Soucieux de décrire les paysages alpins qui constituent les défenses naturelles de la forteresse helvétique, dont la Konkordiaplatz (d’où le titre) au coeur du glacier d’Aletsch, John McPhee restitue, sans trop de complaisance, le climat qui règne dans cette institution ou les héritiers de Guillaume Tell répètent des scènes de guerre, simulent des batailles (où l’ennemi, n’en déplaise à la neutralité, est toujours rouge ). Cet entraînement, le citoyen suisse au-dessus de tout soupçon le prend-il au sérieux ? John McPhee n’exagère pas l’amour que les Helvètes portent à leur armée, mais celle-ci reste populaire, à tel point que l’idée de la supprimer a autant de chances de réussite, à ses yeux , que celle de supprimer le chocolat .
Tout le monde semble d’ailleurs y trouver son compte : le jeune cuisinier, désormais engagé dans l’hôtel que dirige son commandant de bataillon : le petit employé de bureau, qui veut des galons afin d’obtenir un poste de haut niveau dans les affaires ; le paysan, pour qui cela représente ses seules vacances : l’officier, avocat dans le civil, qui recrute sa future clientèle : le viticulteur, avare de son temps, allergique à la discipline mais original, qui se retrouve dans la section renseignement ; le colonel, banquier pour qui l’armée est mieux que Harvard en tant qu’initiation au commandement.

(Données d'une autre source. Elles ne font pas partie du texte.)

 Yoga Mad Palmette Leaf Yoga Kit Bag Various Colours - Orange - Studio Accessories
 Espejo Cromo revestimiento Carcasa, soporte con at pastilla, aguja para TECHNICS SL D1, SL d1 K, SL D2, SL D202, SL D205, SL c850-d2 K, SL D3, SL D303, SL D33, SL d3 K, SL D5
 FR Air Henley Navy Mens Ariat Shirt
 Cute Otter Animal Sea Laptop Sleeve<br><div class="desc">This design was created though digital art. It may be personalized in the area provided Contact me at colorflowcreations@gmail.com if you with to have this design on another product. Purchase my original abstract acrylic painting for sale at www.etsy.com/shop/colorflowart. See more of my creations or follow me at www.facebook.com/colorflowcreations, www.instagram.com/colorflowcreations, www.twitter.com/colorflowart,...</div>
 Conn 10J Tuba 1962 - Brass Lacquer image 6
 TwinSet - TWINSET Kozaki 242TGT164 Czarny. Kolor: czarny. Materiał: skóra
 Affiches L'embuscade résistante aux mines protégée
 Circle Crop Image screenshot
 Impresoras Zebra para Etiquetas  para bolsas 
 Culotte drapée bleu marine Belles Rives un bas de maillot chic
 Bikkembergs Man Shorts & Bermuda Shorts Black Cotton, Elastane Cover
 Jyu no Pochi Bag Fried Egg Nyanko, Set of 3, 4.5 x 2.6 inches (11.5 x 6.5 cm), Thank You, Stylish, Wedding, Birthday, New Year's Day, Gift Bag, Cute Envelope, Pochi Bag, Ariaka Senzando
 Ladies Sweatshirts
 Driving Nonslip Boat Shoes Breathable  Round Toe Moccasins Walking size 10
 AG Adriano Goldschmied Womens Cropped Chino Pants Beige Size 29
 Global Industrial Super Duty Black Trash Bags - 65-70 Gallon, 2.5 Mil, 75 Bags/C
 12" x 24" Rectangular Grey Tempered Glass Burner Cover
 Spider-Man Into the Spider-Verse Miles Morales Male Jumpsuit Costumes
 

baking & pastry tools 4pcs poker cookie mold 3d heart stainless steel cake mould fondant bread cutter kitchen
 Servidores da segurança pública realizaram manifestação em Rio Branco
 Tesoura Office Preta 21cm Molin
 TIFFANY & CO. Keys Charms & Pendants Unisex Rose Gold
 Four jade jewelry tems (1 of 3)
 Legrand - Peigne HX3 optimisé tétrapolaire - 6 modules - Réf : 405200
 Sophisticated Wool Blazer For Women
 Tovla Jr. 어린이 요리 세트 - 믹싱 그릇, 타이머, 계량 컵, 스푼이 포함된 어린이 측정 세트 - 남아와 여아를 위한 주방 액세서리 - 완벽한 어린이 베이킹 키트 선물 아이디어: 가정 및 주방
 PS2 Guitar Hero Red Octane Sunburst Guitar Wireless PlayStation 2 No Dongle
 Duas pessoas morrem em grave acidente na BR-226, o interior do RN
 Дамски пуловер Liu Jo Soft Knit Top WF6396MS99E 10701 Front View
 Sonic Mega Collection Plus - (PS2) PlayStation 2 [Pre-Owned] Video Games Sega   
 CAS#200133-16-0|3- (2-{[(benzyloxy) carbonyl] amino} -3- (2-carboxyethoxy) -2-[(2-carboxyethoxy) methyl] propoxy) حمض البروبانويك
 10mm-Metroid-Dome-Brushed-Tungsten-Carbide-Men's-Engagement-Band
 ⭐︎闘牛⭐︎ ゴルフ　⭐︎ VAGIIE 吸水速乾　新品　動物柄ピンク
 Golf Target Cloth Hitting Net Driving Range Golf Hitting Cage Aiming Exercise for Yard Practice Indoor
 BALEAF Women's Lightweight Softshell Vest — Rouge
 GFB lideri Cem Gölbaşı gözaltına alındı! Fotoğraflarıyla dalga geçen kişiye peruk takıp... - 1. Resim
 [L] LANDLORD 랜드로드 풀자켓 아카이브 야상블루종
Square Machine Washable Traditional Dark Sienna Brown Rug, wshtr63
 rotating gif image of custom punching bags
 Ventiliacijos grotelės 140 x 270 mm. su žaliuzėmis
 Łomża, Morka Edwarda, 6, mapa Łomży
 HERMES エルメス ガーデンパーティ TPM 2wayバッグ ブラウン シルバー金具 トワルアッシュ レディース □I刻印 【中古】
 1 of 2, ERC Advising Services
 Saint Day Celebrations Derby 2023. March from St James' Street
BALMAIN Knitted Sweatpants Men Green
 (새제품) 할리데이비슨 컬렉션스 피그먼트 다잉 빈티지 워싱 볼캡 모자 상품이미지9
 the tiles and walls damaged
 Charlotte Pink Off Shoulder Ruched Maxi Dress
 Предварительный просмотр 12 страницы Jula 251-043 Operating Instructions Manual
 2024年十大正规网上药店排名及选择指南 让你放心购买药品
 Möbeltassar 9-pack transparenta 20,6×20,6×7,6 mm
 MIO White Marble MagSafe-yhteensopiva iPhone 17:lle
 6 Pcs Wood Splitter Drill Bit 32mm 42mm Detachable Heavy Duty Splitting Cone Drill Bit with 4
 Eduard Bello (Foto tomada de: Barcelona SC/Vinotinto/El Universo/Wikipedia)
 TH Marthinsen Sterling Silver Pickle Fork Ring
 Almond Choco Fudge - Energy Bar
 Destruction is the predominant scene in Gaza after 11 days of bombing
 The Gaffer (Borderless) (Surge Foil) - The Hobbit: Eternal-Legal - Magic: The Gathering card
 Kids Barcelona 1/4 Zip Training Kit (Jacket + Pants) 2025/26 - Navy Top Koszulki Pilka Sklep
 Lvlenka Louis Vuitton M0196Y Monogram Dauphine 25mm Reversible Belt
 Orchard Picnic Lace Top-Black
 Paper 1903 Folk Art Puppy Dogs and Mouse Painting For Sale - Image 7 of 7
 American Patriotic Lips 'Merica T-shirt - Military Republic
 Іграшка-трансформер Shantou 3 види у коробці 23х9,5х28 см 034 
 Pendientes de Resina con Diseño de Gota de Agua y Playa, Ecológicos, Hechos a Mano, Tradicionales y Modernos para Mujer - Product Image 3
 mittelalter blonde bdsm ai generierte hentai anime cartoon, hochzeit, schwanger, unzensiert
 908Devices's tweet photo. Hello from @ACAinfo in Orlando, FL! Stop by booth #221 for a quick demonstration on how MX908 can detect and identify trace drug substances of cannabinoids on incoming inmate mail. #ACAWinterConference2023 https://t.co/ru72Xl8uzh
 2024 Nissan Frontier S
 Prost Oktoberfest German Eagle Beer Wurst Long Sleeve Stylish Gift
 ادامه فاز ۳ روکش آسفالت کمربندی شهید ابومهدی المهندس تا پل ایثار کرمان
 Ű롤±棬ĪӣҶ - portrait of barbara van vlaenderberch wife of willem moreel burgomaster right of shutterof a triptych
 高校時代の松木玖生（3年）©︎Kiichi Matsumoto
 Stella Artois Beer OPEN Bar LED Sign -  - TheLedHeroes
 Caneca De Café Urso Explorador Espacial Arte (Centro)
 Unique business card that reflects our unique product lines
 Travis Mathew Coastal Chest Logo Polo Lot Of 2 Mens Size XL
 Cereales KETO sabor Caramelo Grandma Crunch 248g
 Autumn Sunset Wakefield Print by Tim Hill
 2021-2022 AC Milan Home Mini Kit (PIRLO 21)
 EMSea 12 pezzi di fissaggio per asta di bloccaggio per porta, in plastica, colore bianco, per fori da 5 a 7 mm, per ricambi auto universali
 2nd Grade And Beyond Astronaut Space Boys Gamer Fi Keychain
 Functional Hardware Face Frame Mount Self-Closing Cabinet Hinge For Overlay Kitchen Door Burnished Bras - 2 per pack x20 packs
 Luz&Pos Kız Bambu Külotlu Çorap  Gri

Bref si vous avez compris le New York Yacht Club, le Century Club (...), le Piedmont Driving Club, vous avez compris l’armée suisse, conclut le reporter.
Cette association de bricoleurs-scouts à l’allure bon enfant et de gentlemen ne correspond pas à l’idée qu’on se fait généralement de la Suisse sophistiquée et méticuleuse. Mais l’armée est le reflet fidèle de la société dans son ensemble. John McPhee, tout en faisant parler avec humour un peuple qui n’a pas la réputation d’en avoir, parvient à le démontrer. Son témoignage est d’autant plus intéressant qu’il permet de mieux comprendre le pourquoi et le comment du lien étroit entre la hiérarchie militaire et le pouvoir économique. Une spécificité suisse.